STORED DATA:
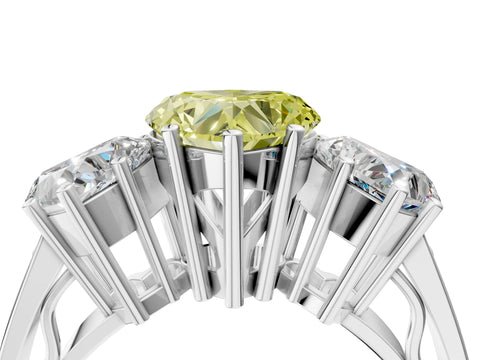 White gold Fancy Yellow Heart Cut Diamond Three-Stone Ring with Prong Setting and Textured Band_16
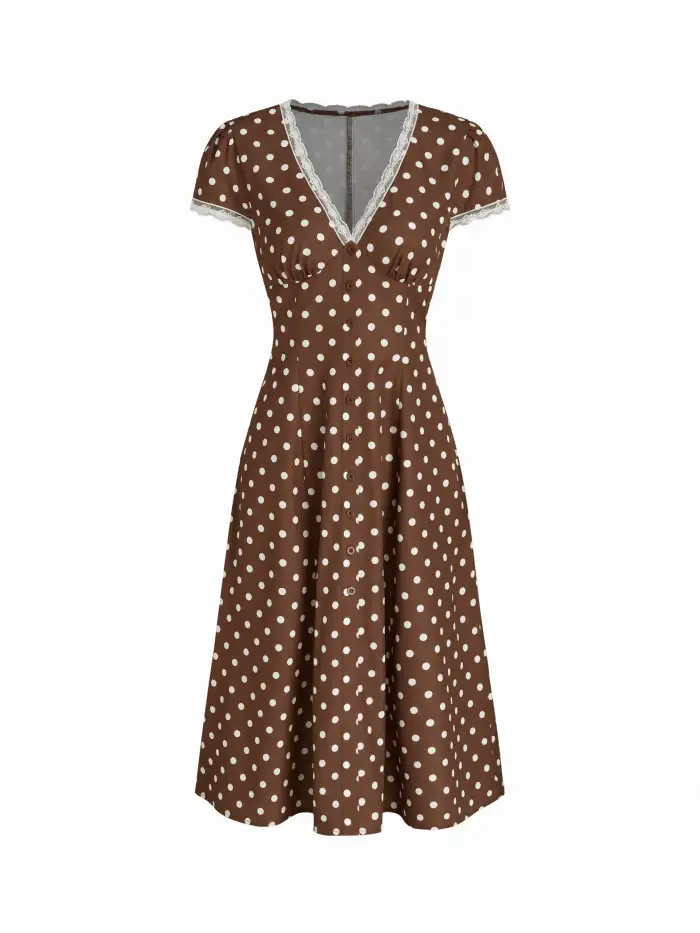 knee length dresses for ladies Call My Lover Lace Slip Mini Dress | Brown Polka Dot | Womens main image 0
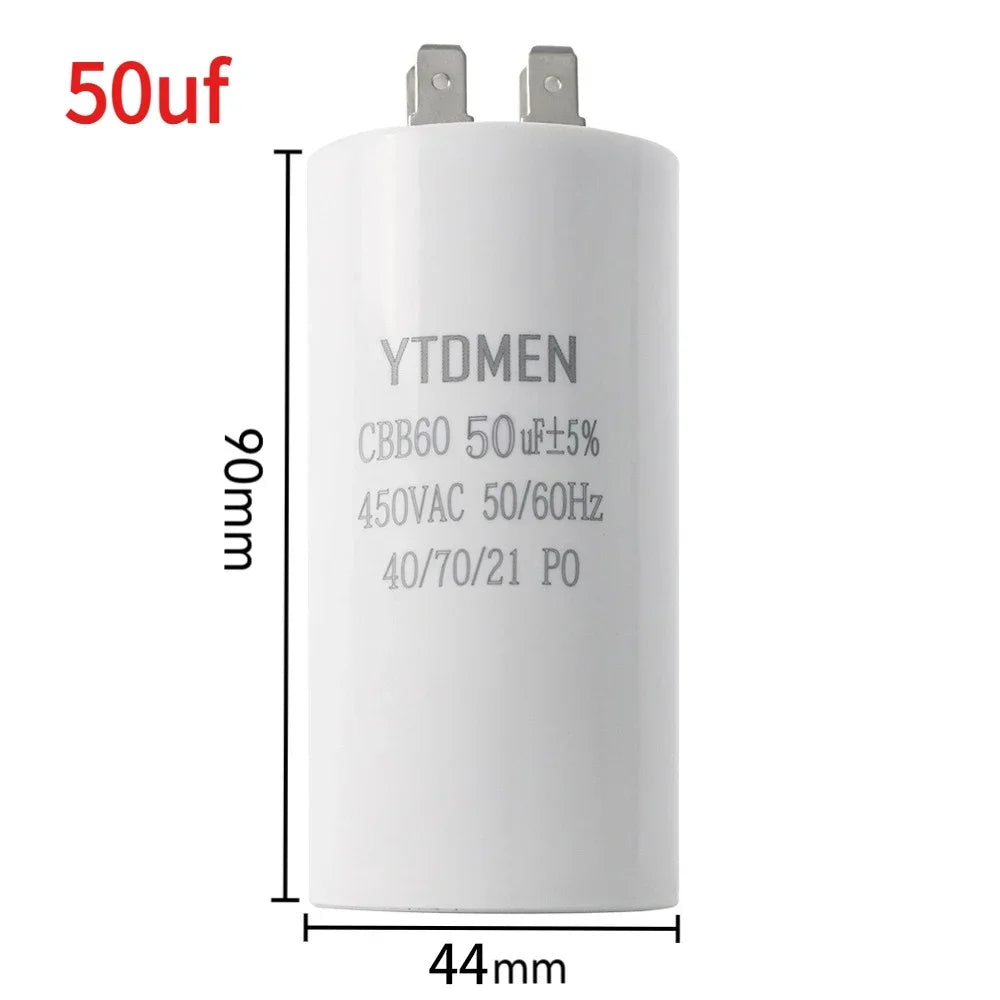 CBB60 450VAC 4~60μF ±5% 4-Pin Double Insert Motor Run Capacitor for Air Conditioner/Refrigerator/Pump，50/60Hz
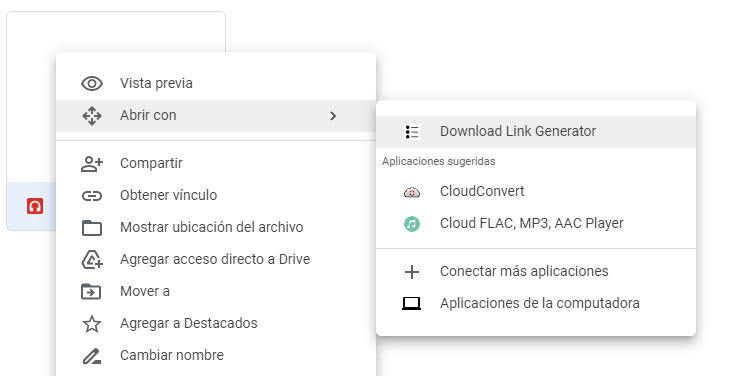 Enlace de descarga automático google drive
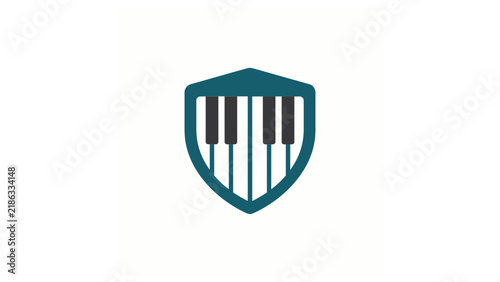 Shield emblem with integrated piano keys logo design.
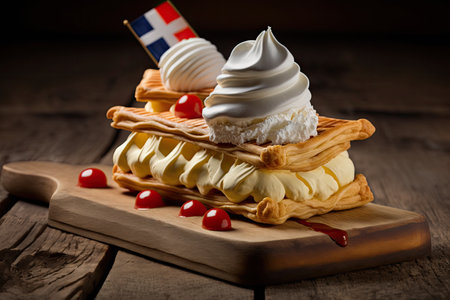 napoleons with cream on wooden board for dessert, created with generative aiの素材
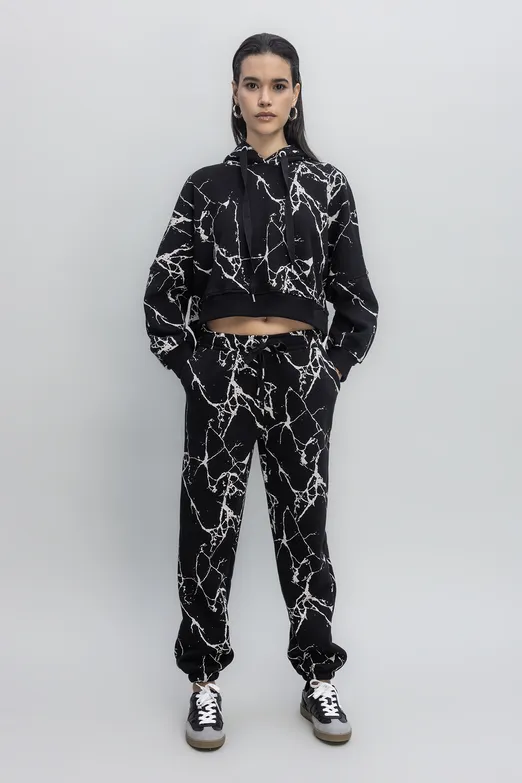 Bayan Siyah Desenli Şardonlu Jogger Pantolon - BSL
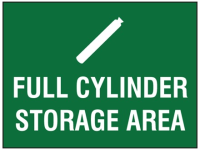 Full cylinder storage area symbol and text sign.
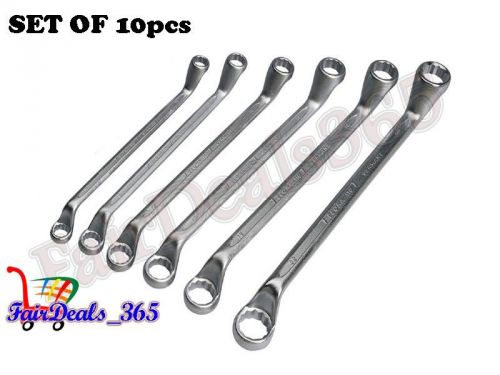 10 PCS RING SPANNERS DOUBLE ENDED CHROME FINISH 6MM TO 27MM FOR AUTOMOTIVE USE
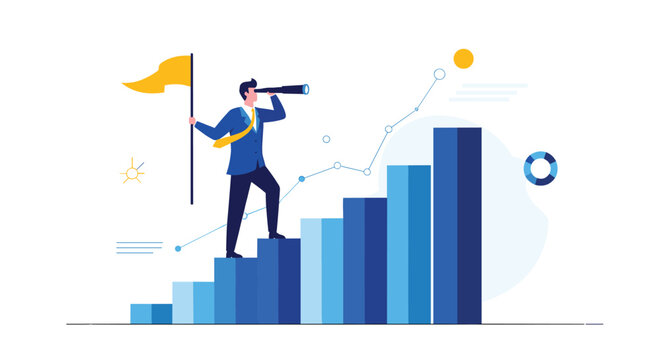 Visionary businessman standing on the highest bar of a growth chart holding a flag and looking through a telescope toward future prosperity.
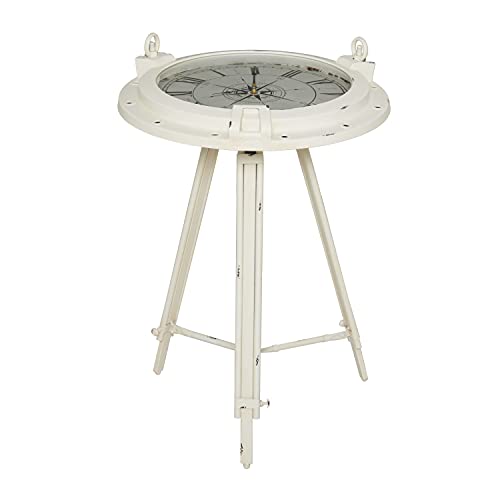 Deco 79 Metal Compass Side End Accent Table End Table with Clock and Clear Glass Top, Side Table 19" x 19" x 27", White - Image 3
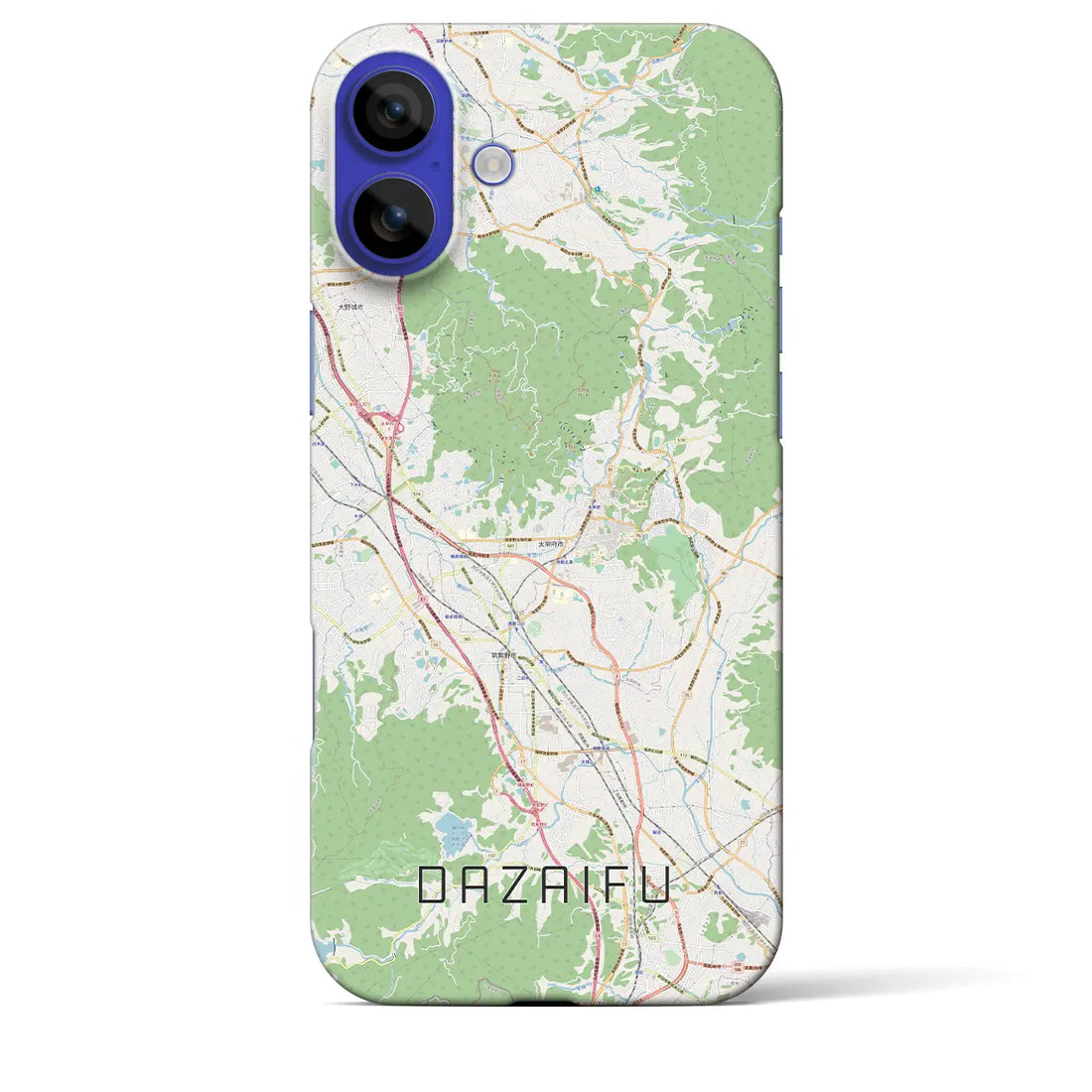 【太宰府(福岡県)】地図柄iPhoneケース(バックカバータイプ)ブラック・iPhone 16 Pro Max 用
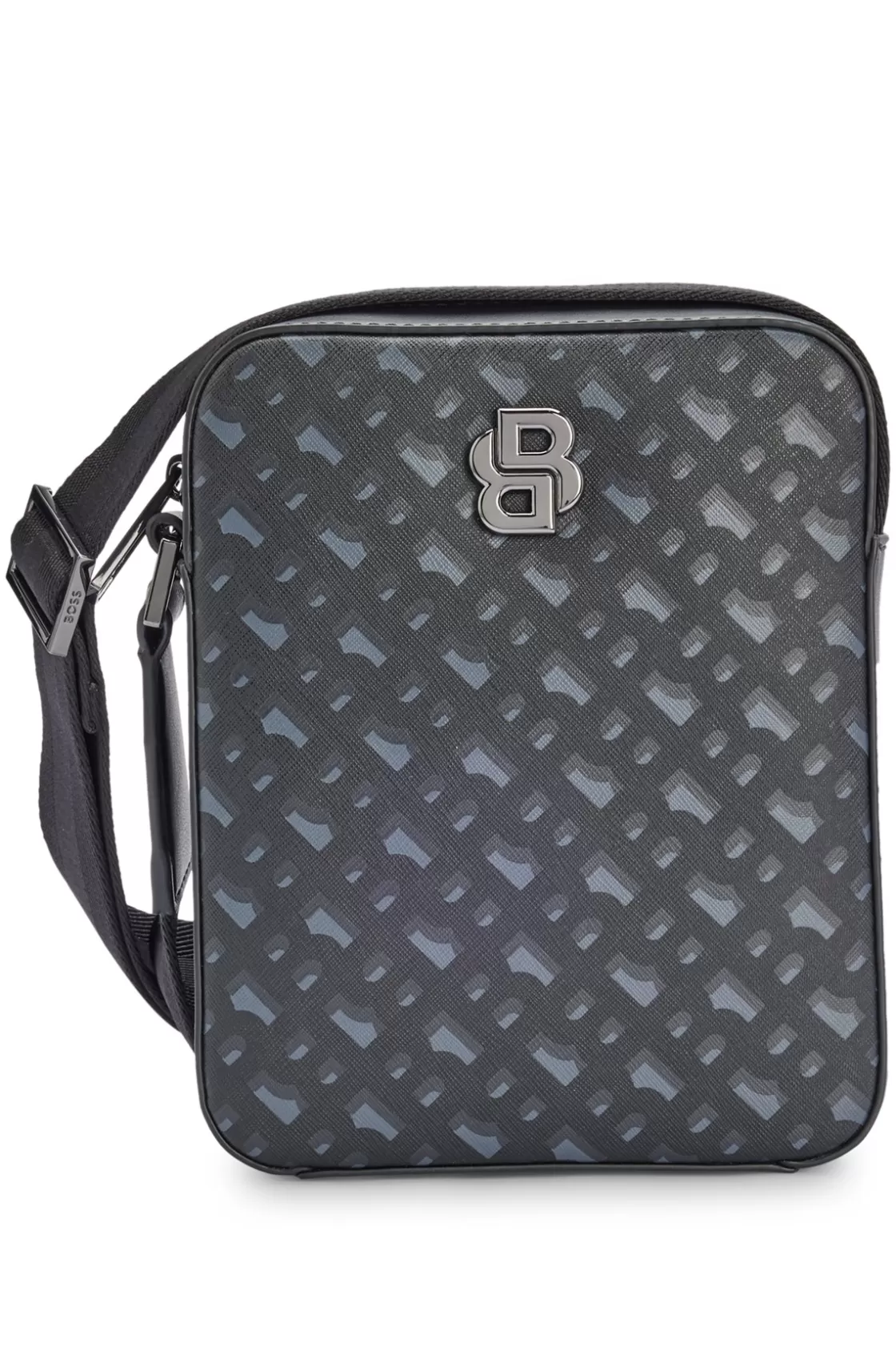 HUGO BOSS Monogram-pattern Reporter Bag With Signature Hardware Dark Grey Outlet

DIRECTIONS: Print all entries exactly, without images.

OUTPUT OF THE TASK:
 White gold Fancy Yellow Heart Cut Diamond Three-Stone Ring with Prong Setting and Textured Band_16
 knee length dresses for ladies Call My Lover Lace Slip Mini Dress | Brown Polka Dot | Womens main image 0
 CBB60 450VAC 4~60μF ±5% 4-Pin Double Insert Motor Run Capacitor for Air Conditioner/Refrigerator/Pump，50/60Hz
 Enlace de descarga automático google drive
 Shield emblem with integrated piano keys logo design.
 napoleons with cream on wooden board for dessert, created with generative aiの素材
 Bayan Siyah Desenli Şardonlu Jogger Pantolon - BSL
 Full cylinder storage area symbol and text sign.
 10 PCS RING SPANNERS DOUBLE ENDED CHROME FINISH 6MM TO 27MM FOR AUTOMOTIVE USE
 Visionary businessman standing on the highest bar of a growth chart holding a flag and looking through a telescope toward future prosperity.
 Deco 79 Metal Compass Side End Accent Table End Table with Clock and Clear Glass Top, Side Table 19" x 19" x 27", White - Image 3
 【太宰府(福岡県)】地図柄iPhoneケース(バックカバータイプ)ブラック・iPhone 16 Pro Max 用
 HUGO BOSS Monogram-pattern Reporter Bag With Signature Hardware Dark Grey Outlet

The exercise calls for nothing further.